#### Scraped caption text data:
Content starts

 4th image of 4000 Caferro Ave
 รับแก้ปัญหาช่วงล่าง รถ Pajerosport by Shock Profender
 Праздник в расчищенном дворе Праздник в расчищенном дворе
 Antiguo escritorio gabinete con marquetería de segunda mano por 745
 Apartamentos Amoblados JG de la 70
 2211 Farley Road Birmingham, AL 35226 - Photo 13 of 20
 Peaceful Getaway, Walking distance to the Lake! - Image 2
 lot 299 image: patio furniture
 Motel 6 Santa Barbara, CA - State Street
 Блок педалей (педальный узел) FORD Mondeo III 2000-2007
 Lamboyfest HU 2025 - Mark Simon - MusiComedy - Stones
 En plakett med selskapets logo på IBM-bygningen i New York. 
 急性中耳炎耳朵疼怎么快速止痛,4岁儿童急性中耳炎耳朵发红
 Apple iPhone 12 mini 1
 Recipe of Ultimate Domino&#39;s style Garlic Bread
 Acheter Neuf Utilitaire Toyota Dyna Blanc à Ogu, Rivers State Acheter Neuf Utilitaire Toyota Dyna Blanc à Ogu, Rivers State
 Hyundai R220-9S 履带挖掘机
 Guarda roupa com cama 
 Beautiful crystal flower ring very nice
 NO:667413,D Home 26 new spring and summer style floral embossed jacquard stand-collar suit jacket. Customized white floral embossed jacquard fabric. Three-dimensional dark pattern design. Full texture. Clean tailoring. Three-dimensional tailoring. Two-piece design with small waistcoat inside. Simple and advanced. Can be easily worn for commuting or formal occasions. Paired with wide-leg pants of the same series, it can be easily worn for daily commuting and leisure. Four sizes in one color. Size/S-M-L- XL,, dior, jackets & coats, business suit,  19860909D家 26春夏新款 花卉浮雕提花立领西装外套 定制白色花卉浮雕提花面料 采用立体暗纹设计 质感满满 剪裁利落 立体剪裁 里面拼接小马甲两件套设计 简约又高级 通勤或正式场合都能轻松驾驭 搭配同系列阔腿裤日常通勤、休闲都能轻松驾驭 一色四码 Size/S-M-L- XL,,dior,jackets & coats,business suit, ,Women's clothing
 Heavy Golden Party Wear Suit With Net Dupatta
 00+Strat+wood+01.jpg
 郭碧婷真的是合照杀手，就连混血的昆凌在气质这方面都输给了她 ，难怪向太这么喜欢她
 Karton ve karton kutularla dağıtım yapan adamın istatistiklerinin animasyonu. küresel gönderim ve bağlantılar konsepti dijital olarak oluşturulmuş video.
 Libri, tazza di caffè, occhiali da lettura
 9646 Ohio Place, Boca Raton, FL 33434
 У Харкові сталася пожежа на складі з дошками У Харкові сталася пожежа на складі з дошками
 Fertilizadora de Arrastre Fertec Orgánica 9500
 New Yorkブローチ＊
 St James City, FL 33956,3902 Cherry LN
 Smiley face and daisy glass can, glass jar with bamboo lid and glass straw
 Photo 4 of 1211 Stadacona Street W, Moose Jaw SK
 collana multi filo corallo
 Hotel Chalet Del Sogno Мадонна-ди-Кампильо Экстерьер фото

Content ends

#### REQUIRED ACTION:
Your answer should be exactly the lines of the data above, from the first through the line containing "Motel 6 Santa Barbara, CA - State Street".

#### ANSWER SECTION:
 4th image of 4000 Caferro Ave
 รับแก้ปัญหาช่วงล่าง รถ Pajerosport by Shock Profender
 Праздник в расчищенном дворе Праздник в расчищенном дворе
 Antiguo escritorio gabinete con marquetería de segunda mano por 745
 Apartamentos Amoblados JG de la 70
 2211 Farley Road Birmingham, AL 35226 - Photo 13 of 20
 Peaceful Getaway, Walking distance to the Lake! - Image 2
 lot 299 image: patio furniture
 Motel 6 Santa Barbara, CA - State Street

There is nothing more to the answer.